* DESCRIPTION OF THE TASK:
Print all of the records below again without a single difference.

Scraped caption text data
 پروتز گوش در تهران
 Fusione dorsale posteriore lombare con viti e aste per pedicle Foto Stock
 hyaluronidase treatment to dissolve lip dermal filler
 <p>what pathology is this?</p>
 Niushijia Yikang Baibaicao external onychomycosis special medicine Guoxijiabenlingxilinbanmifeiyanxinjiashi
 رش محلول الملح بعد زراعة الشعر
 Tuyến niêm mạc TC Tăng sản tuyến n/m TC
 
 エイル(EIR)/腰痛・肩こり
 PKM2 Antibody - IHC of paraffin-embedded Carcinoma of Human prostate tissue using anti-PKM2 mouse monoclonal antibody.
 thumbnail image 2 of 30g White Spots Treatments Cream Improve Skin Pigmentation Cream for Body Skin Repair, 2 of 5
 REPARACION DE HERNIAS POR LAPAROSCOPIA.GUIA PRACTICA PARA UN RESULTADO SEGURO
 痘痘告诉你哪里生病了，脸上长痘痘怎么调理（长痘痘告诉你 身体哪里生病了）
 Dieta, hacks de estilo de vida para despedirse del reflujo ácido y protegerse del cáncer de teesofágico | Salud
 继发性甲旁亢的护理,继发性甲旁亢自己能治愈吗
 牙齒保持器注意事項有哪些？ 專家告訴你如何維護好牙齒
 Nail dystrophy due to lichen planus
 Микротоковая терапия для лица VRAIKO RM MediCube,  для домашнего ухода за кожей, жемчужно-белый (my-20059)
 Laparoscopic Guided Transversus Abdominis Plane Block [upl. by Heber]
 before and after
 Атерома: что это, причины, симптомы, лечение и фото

* SOLUTION FOR THIS EXERCISE:
 پروتز گوش در تهران
 Fusione dorsale posteriore lombare con viti e aste per pedicle Foto Stock
 hyaluronidase treatment to dissolve lip dermal filler
 <p>what pathology is this?</p>
 Niushijia Yikang Baibaicao external onychomycosis special medicine Guoxijiabenlingxilinbanmifeiyanxinjiashi
 رش محلول الملح بعد زراعة الشعر
 Tuyến niêm mạc TC Tăng sản tuyến n/m TC
 
 エイル(EIR)/腰痛・肩こり
 PKM2 Antibody - IHC of paraffin-embedded Carcinoma of Human prostate tissue using anti-PKM2 mouse monoclonal antibody.
 thumbnail image 2 of 30g White Spots Treatments Cream Improve Skin Pigmentation Cream for Body Skin Repair, 2 of 5
 REPARACION DE HERNIAS POR LAPAROSCOPIA.GUIA PRACTICA PARA UN RESULTADO SEGURO
 痘痘告诉你哪里生病了，脸上长痘痘怎么调理（长痘痘告诉你 身体哪里生病了）
 Dieta, hacks de estilo de vida para despedirse del reflujo ácido y protegerse del cáncer de teesofágico | Salud
 继发性甲旁亢的护理,继发性甲旁亢自己能治愈吗
 牙齒保持器注意事項有哪些？ 專家告訴你如何維護好牙齒
 Nail dystrophy due to lichen planus
 Микротоковая терапия для лица VRAIKO RM MediCube,  для домашнего ухода за кожей, жемчужно-белый (my-20059)
 Laparoscopic Guided Transversus Abdominis Plane Block [upl. by Heber]
 before and after
 Атерома: что это, причины, симптомы, лечение и фото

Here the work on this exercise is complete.